DATA SUPPLIED section start

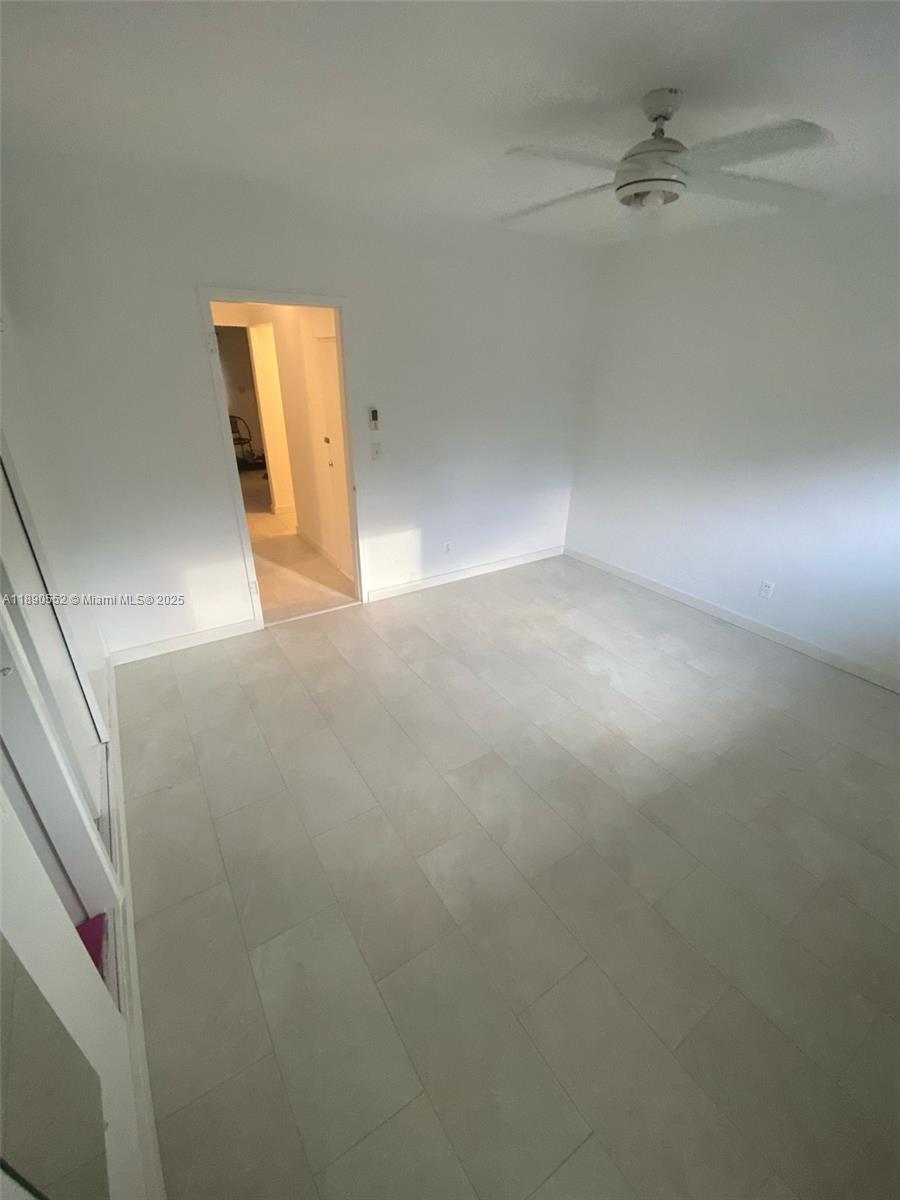 PASADENA GARDEN APARTMENT - Residential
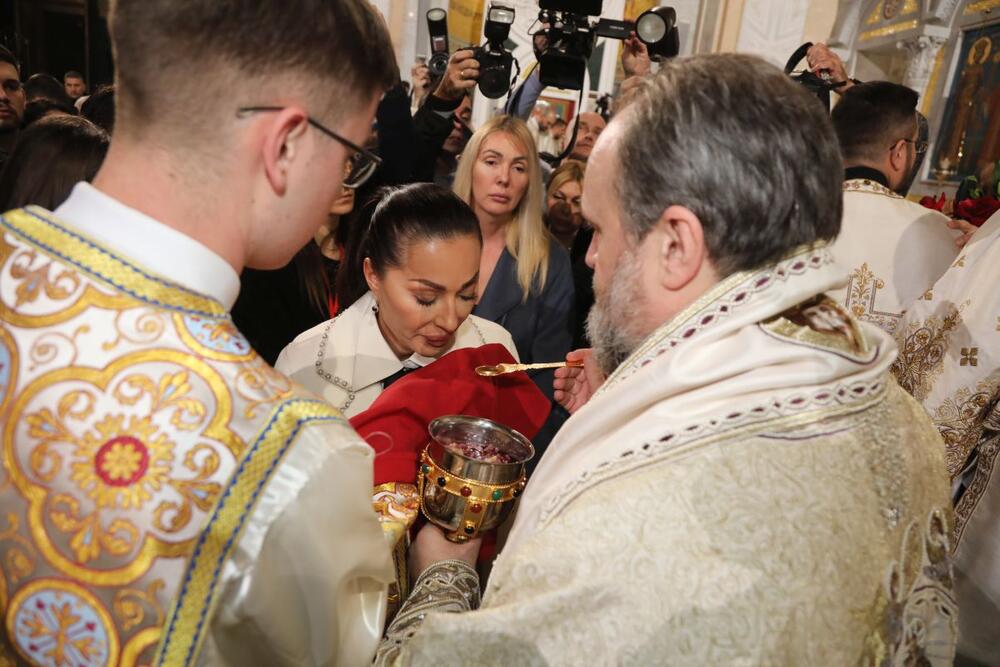 <p>U Hramu Svetog Save je održana ponoćna liturgija kojoj su prisustvovale brojne poznate ličnosti.</p>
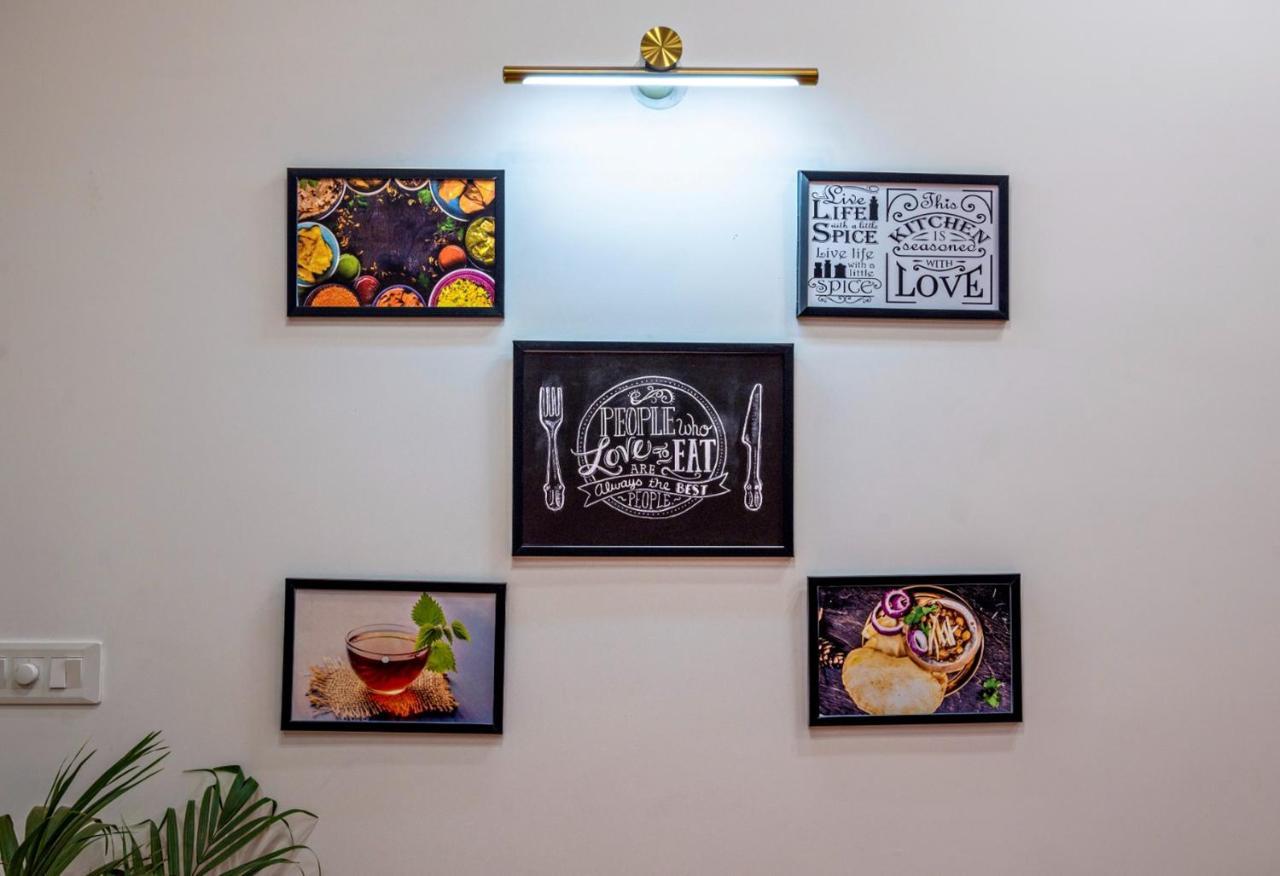 Hotel Golden Stay อัมริตสา ภายนอก รูปภาพ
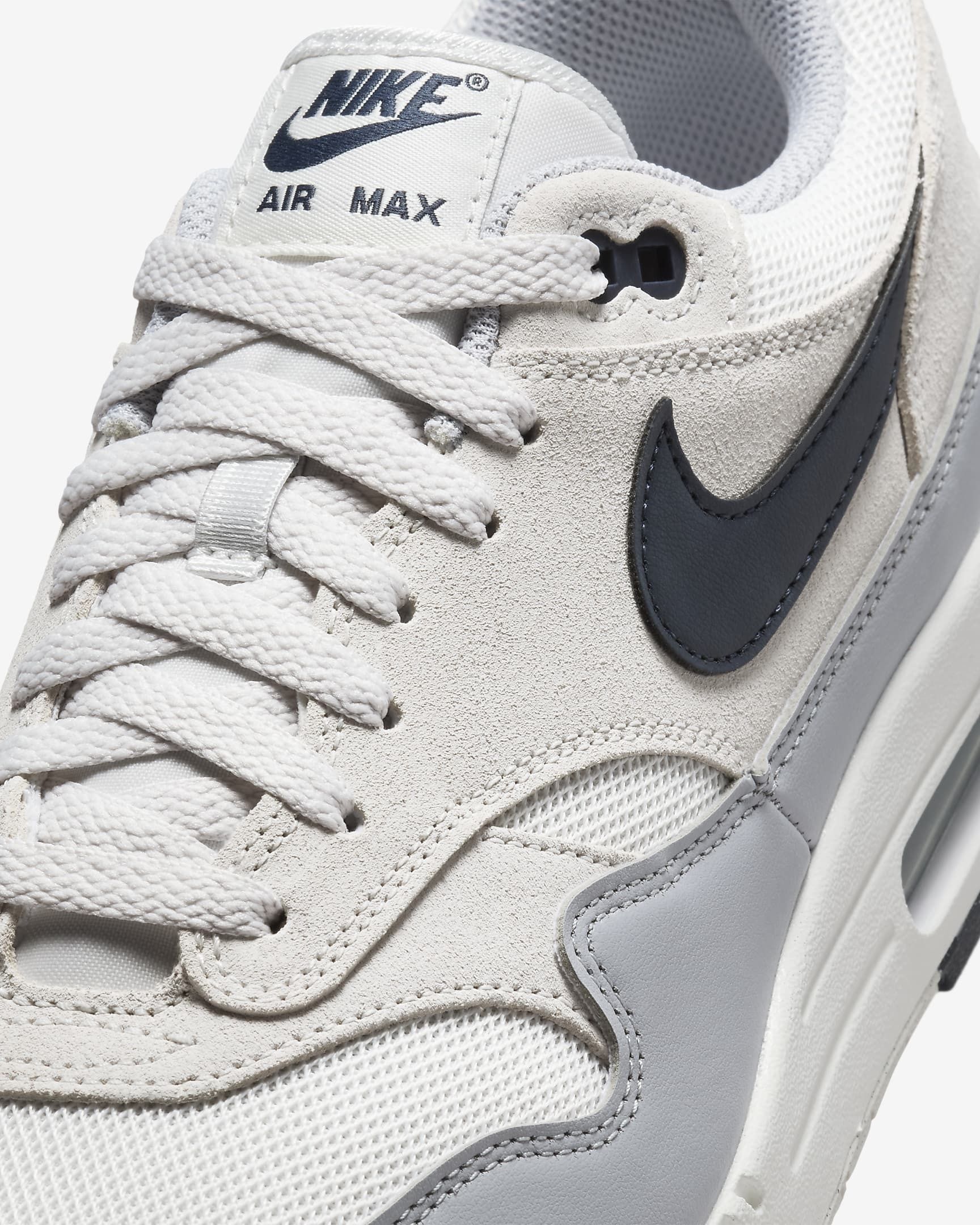 ☆NIKE☆大人気☆AIR MAX 1 ESSENTIAL エアマックス1☆追跡可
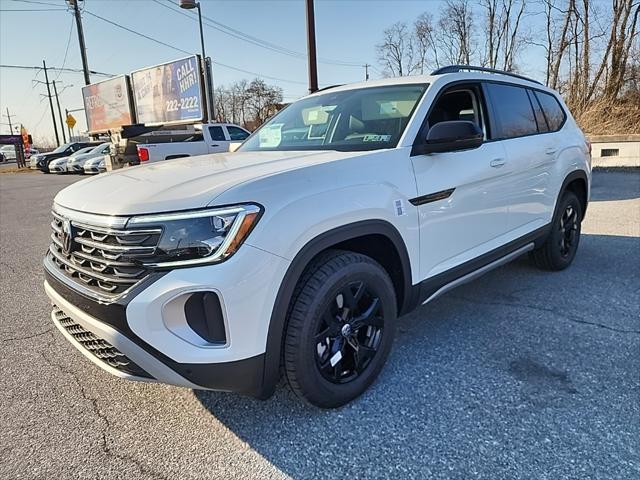 new 2025 Volkswagen Atlas car, priced at $45,111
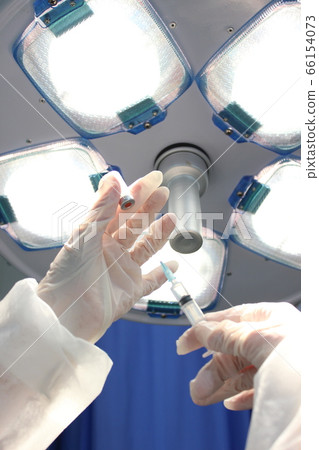 準備在醫院手術室燈光下進行注射 66154073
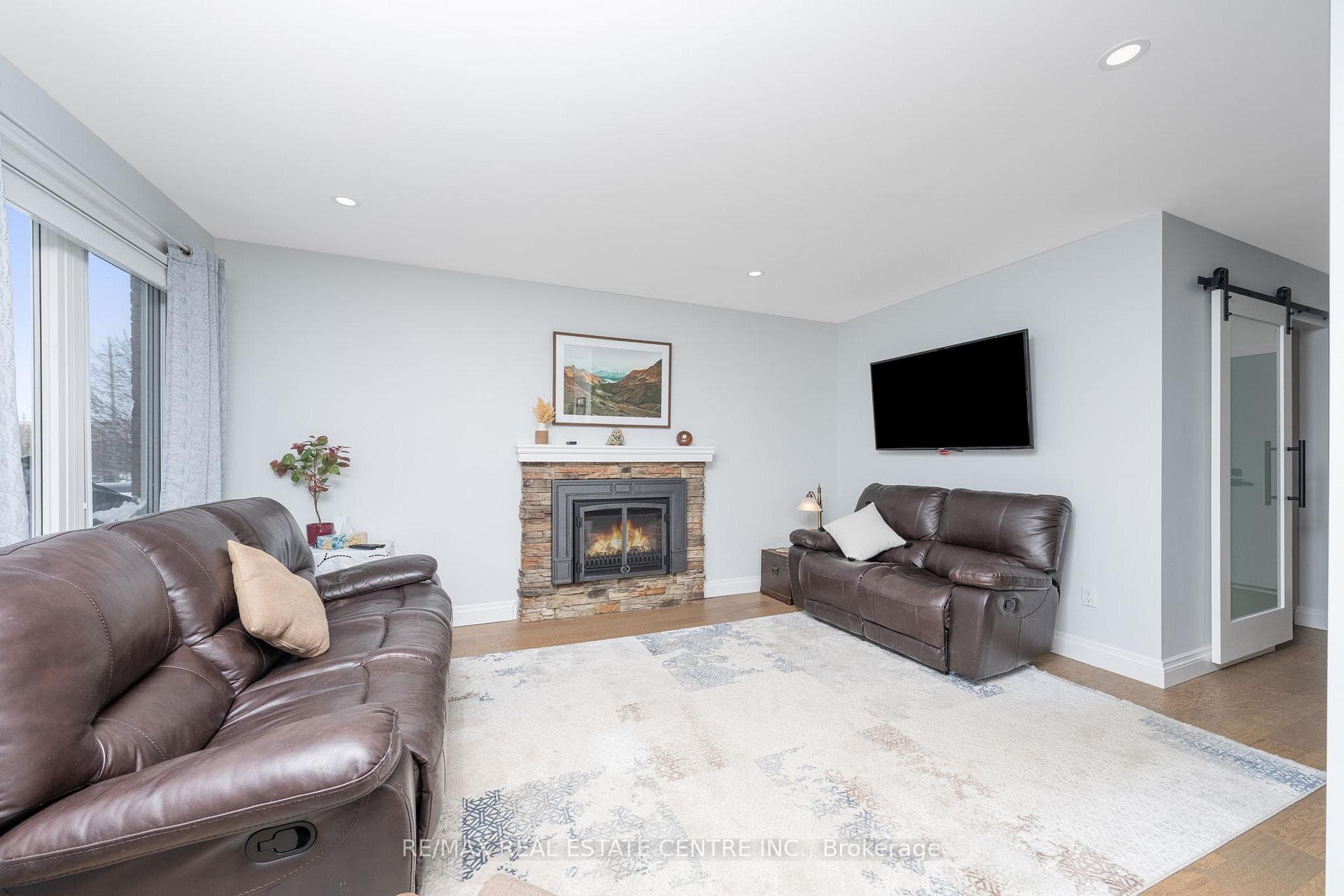 40 Calvert Drive photo 18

DATA SUPPLIED section end

> _WHAT YOU NEED TO DO_: An exact transcription is requested of each line from the one that holds "<p>U Hramu Svetog" to the end of the listing above, both boundary lines included; pictures are to be omitted.

> _TASK RESULT_:
 <p>U Hramu Svetog Save je održana ponoćna liturgija kojoj su prisustvovale brojne poznate ličnosti.</p>
 Hotel Golden Stay อัมริตสา ภายนอก รูปภาพ
 ☆NIKE☆大人気☆AIR MAX 1 ESSENTIAL エアマックス1☆追跡可
 new 2025 Volkswagen Atlas car, priced at $45,111
 準備在醫院手術室燈光下進行注射 66154073
 40 Calvert Drive photo 18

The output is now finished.